It looks as though we want a semantic pass 0, which evaluates all of
the mixins and static ifs.
Then the reflection issue is resolved as:
* any reflection which is evaluated while expanding a mixin or a
static if condition, represents an intermediate, potentially unstable
state, while symbols are still being generated.
* All other reflection represents the state after all symbols are added.
We can still have some pretty weird behaviour, where an expression is
used in a static if, but the same expression is different everywhere
else. Eg,
template Foo(int X)
{
bool Foo = is(typeof(bar));
}
static if (!Foo!(2)) int bar;
static assert( Foo!(1) == Foo!(2) ); // fails!
We probably have to live with that.
The only alternative I can think of, is to dump the symbol table at
the end of the semantic0 pass, so that _all_ values are re-evaluated,
and so that you don't have to worry about whether something was used
in a static if, or not. This would be implemented, once again, by
storing the const-folding result into the mixins and static if's, and
then clearing the symbol table for that scope. This would mean that
static if and mixins are always 'snapshots' of the state of
compilation, but everything else represents the final state. With my
suggested 'do everything in parallel' you'd only have to clear the
symbol table once, but if they are evaluated in order, you need to
wipe the symbol table after every evaluation of a static if or mixin.
But the impact on compilation time could be kept small, by only wiping
the symbol table if you had a reflection result which might be
different to the final one; ie, if a is(typeof()) returned false. It's
quite a rare situation anyway.
I don't know if these semantics are sufficiently better to justify the
implementation difficulty.
But regardless, given we that we have to have a special semantic pass, specifically for mixin declarations and static if, then the beauty of have everything be order-independent is already damaged.
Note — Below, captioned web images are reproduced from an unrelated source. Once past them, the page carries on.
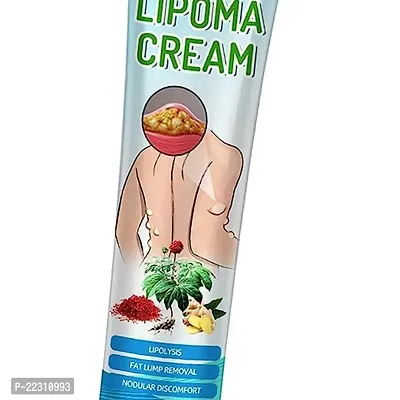 60 gm Lipoma Removal Cream, Lipoma Removal Cream Ointment, Lipoma Elimination Cream, for Lipoma Treatment Cellulite Removal Cream, Anti-Swelling Lymphatic Detox Ointment-thumb2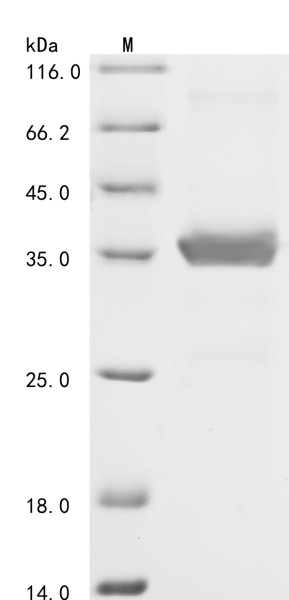 Free fatty acid receptor 3 (FFAR3), partial, human, recombinant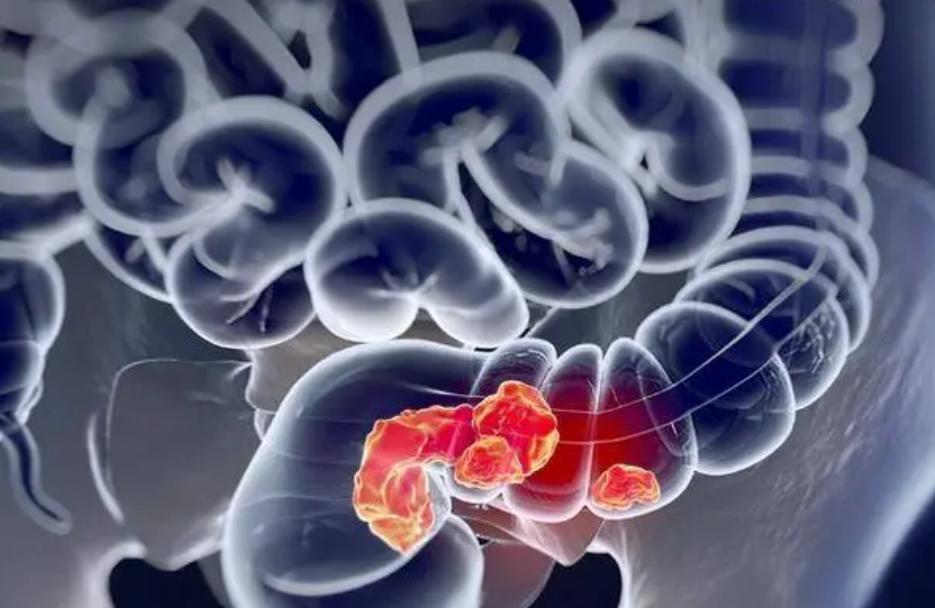 男医生做肠镜检查吗,男医生做肠镜会难为情不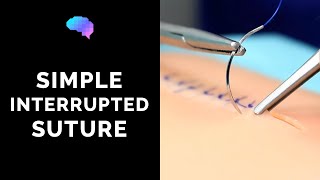 Simple interrupted suture wound suturing  OSCE Guide  UKMLA  CPSA [upl. by Vas]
So I think we might as well say that the semantic0 "add symbols into scope" pass applies only to static if and mixins, and is run in the order in which the static ifs and mixins appear in the file; but the semantic meaning of declarations themselves is independent of order.
So I would recommend option (1) from my list above: do static if and mixin in order, then when they're finished, do the declarations in any order.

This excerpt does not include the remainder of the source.